Since that day, I handled my failures better - not perfectly, I still beat myself up over little things. A few years later, I became a cryer - at EVERYTHING. This notion helped me embrace that. I love that I feel passionately. I also became an even harsher (but healthy) cynic of theater - these stakes may be completely erased at the end of 120 minutes, but I am here to cry and cheer for real, dammit. I don’t take that lightly. 


Finally, how does all this relate to sports? I always thought I wasn’t a sports fan other than casually watching the NFL. This is odd considering I am incredibly, sometimes intensely, competitive. Neither my high school or college had extensive sports programs, and when I started working at Northwestern, I was finally exposed to easily-accessible, competitive athletics for the first time. While here, I went from watching my first full-length, in-person basketball game to watching the WNBA draft in a matter of two seasons. I was baffled - what changed? Why am I suddenly an avid sports fan of multiple teams, some of which I just now have the opportunity to watch for the first time, after 20+ years of believing that wasn’t possible? 

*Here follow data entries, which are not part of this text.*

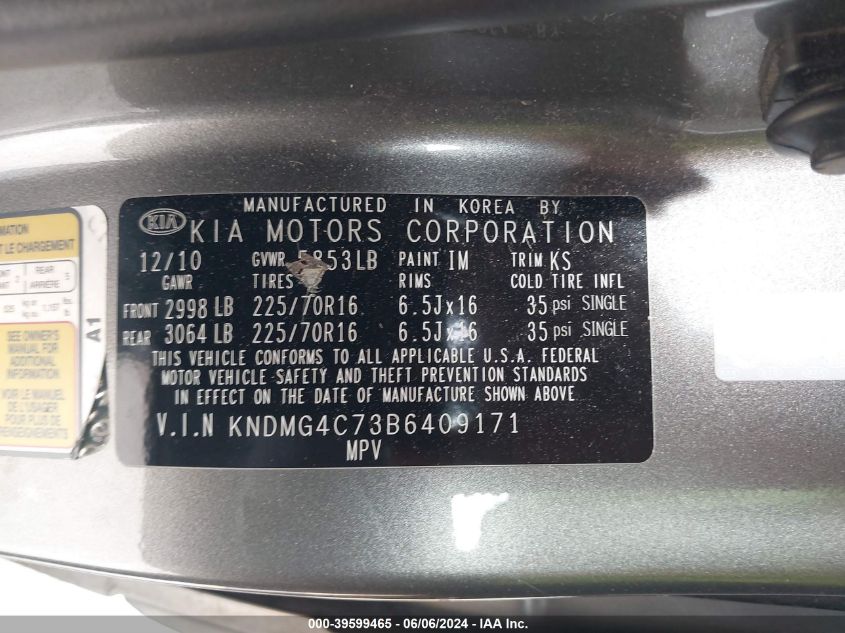 2011 Kia Sedona Lx VIN: KNDMG4C73B6409171 Lot: 39599465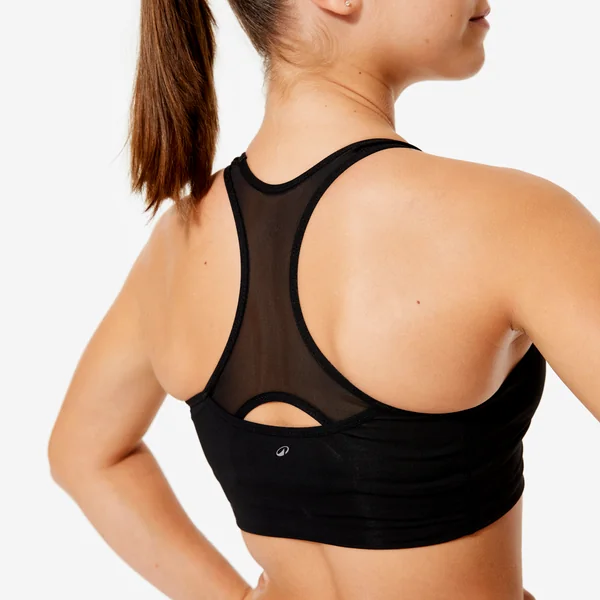 Brassière de gym respirante fille, noire à sequins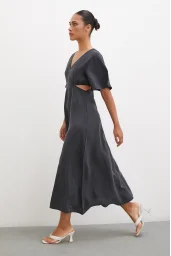 V Neck Side Decollete Dress Antirash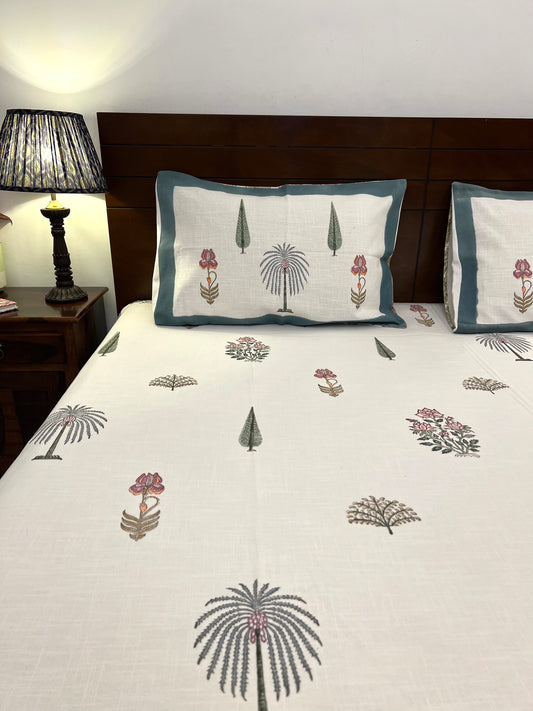 Slub Cotton Bedcover | King Size | Hand Block | 90*108 Inches | Aaftab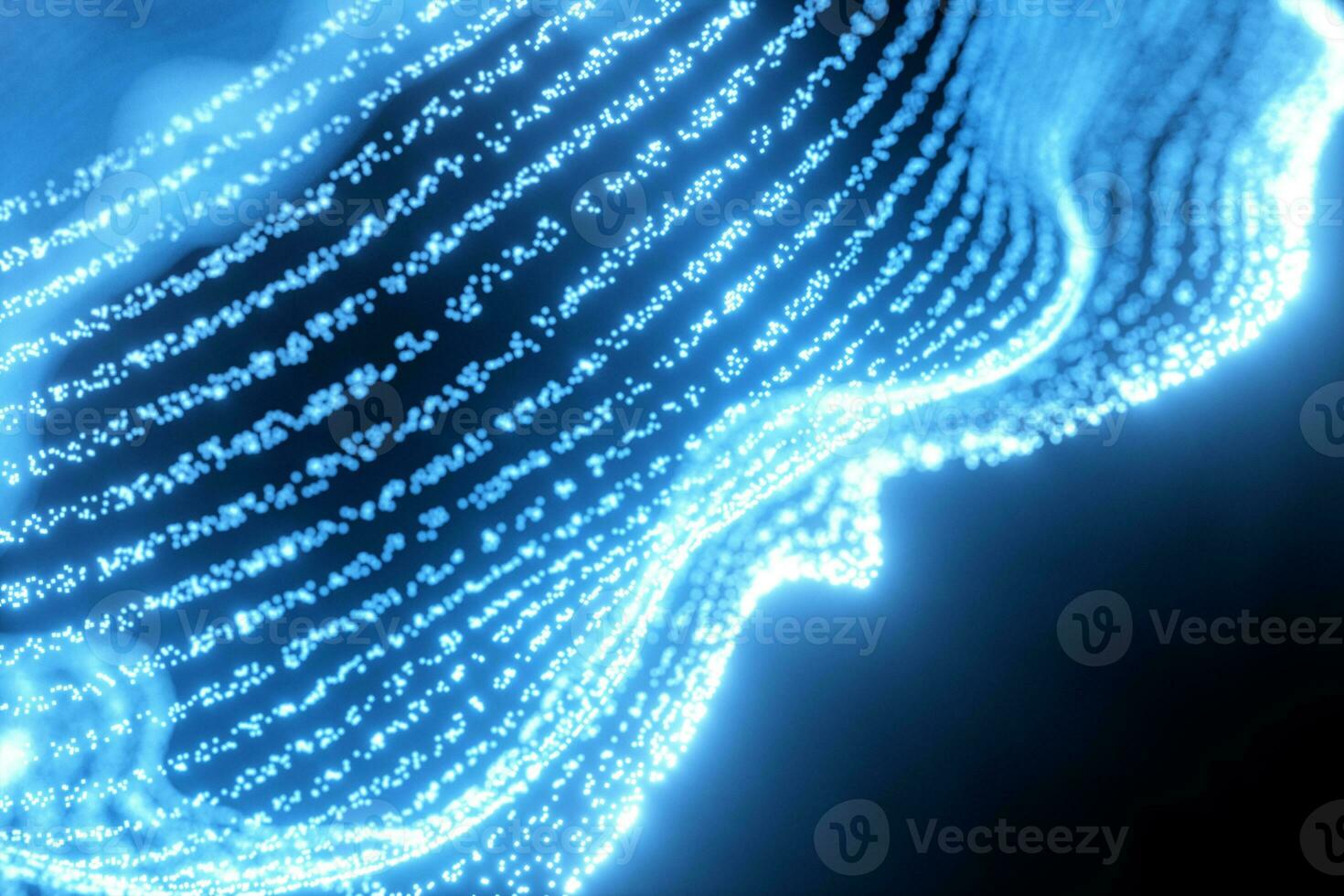 Glowing and flowing particles with dark background, 3d rendering. photo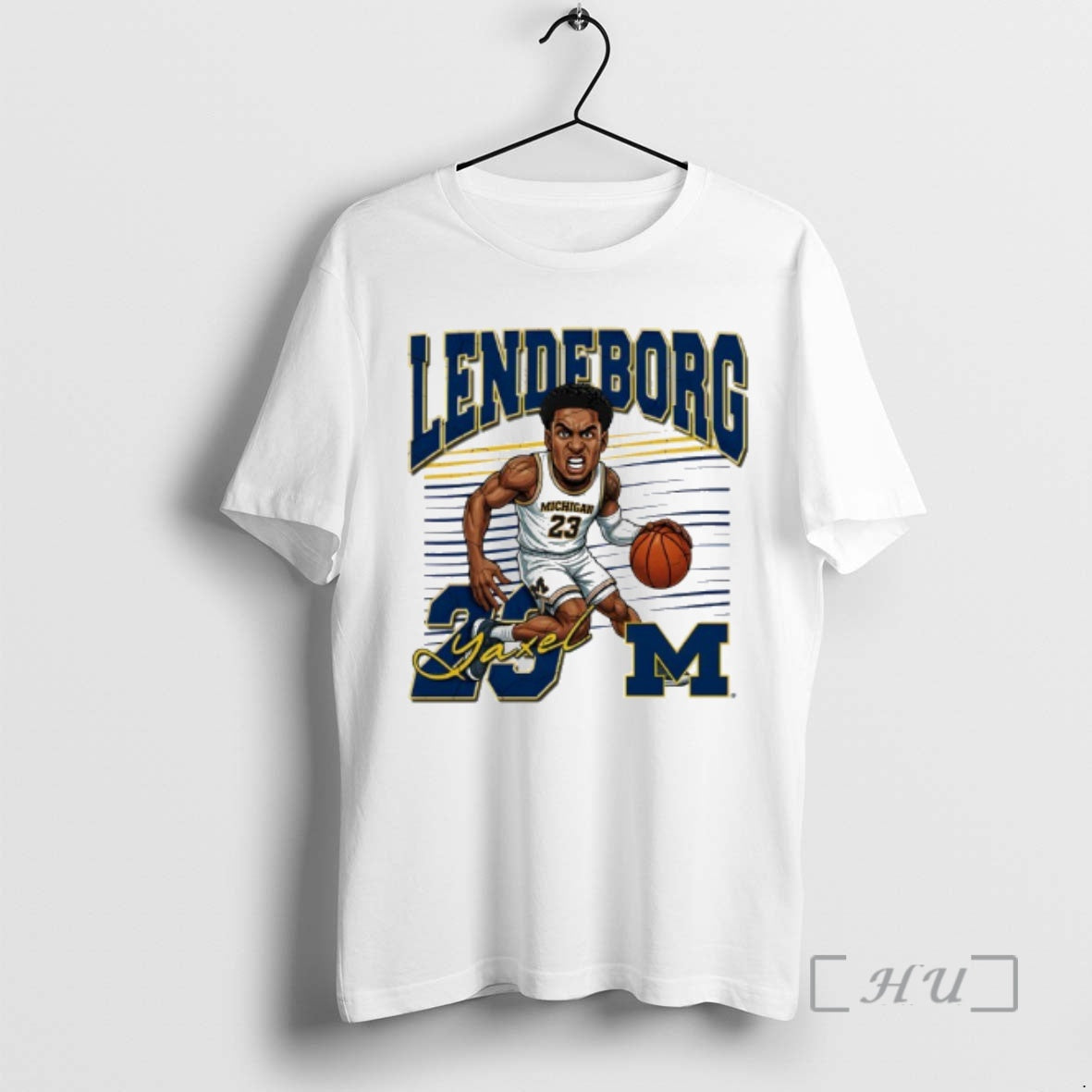Officials Valiant University Michigan Basketball Yaxel Lendeborg Caricature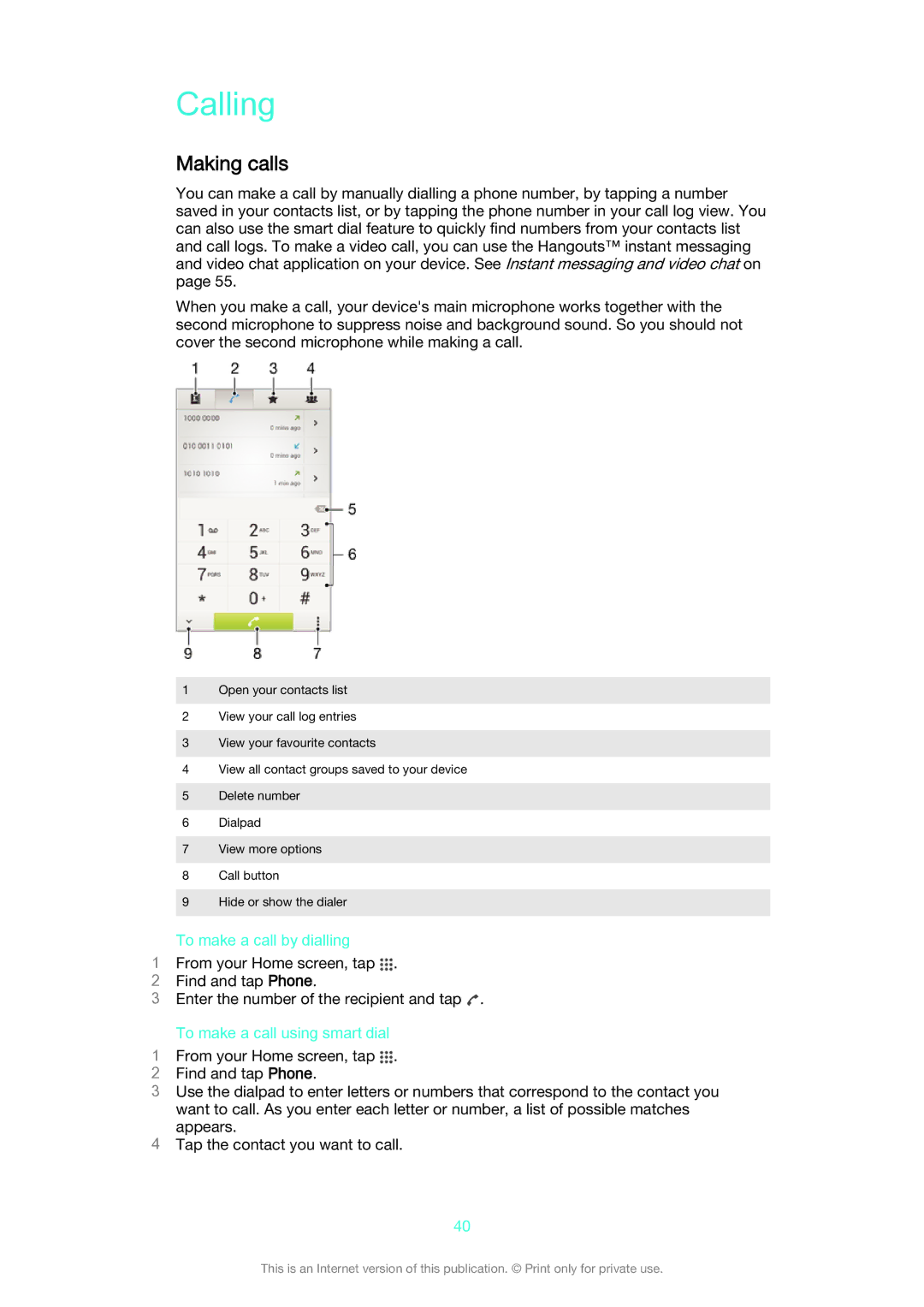 Sony D2004, D2005 manual Calling, Making calls, To make a call by dialling, To make a call using smart dial 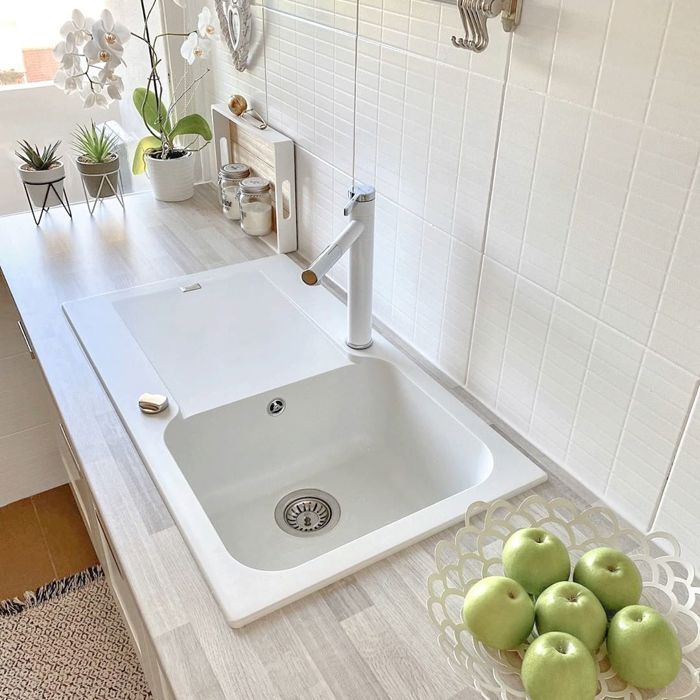 Smooth sink, reversible, 1 bowl, 1 drainer, white resin, Essebagno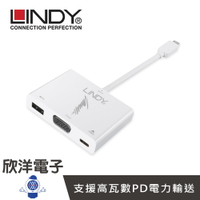 ※ 欣洋電子 ※ LINDY林帝 主動式USB 3.1 TYPE-C TO  VGA / HUB / PD 三合一轉接盒(43230)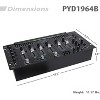 Pyle 6-Channel Bluetooth DJ Mixer – 19" 5U Rack Mount, Digital LED Controls, 10-Band EQ, 2 Phono, 8 Line, and 2 Mic Inputs - 3 of 4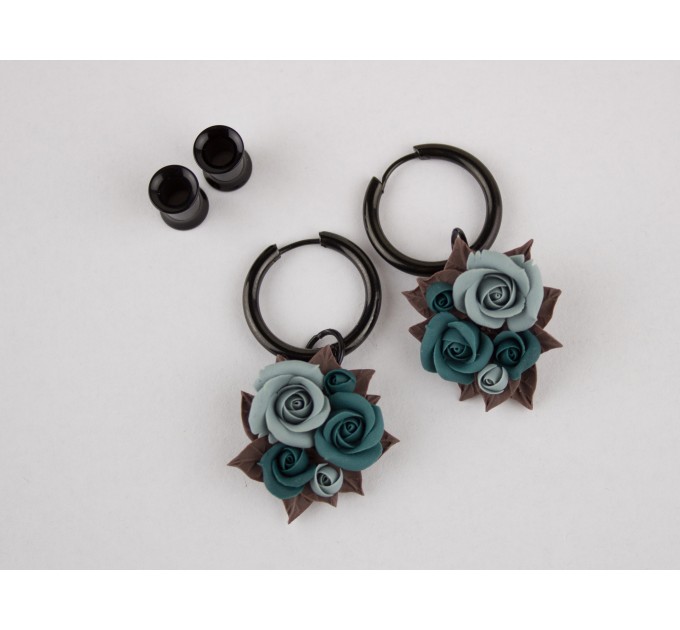 Custom color Teal brown floral ear hangers for tunnels Dangle plug earrings Unique wedding jewelry for stretcher earlobes Handmade gauges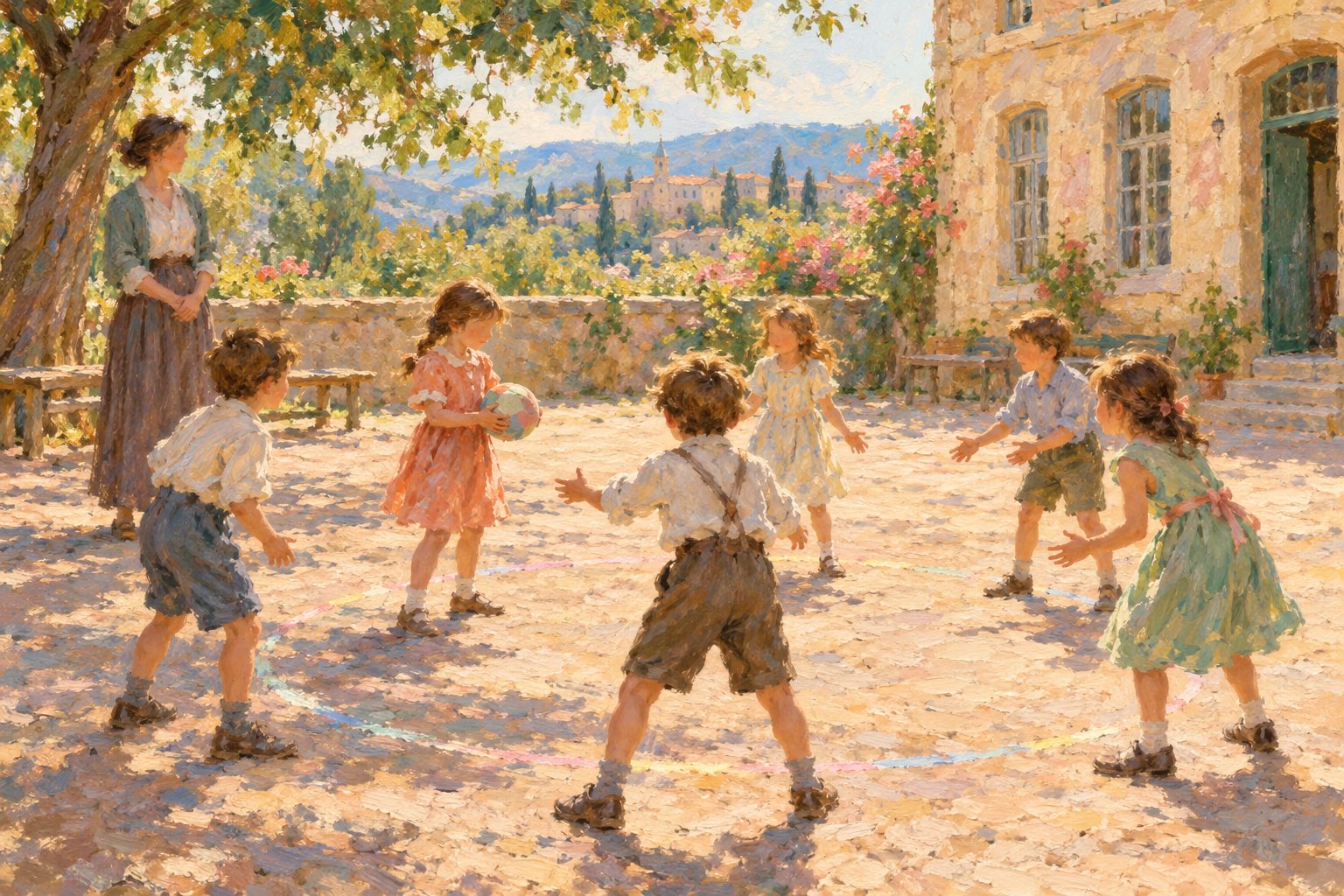 Pintura impresionista de un grupo de ninos jugando en circulo con una pelota en el patio, sobre las actividades de habilidades sociales para ninos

The answer: stakes. Aside from the fact that thousands of peoples’ jobs are at play, the stakes of sports are completely fake. We collectively agree upon the rules and other parameters to create the environment in which we cheer at our team’s successes and cry at their failures. All I needed was the missing element - the personal buy-in common in theater, to feel that same connection. Working at Northwestern gave me that connection, and the next thing I knew I was hooked. Northwestern introduced me to many sports I otherwise never had the opportunity to see in-person. Tomorrow night, I will watch the first group of first-years I watched as a fan play their last home game of the season at Martin Stadium. After 90 minutes, everyone, including the players, will move on with their lives. The stakes of fouls and offsides will be a thing of the past. It doesn’t matter. I am looking forward to the 90 minute suspension of disbelief - cheering and crying for my first favorite team’s last home game.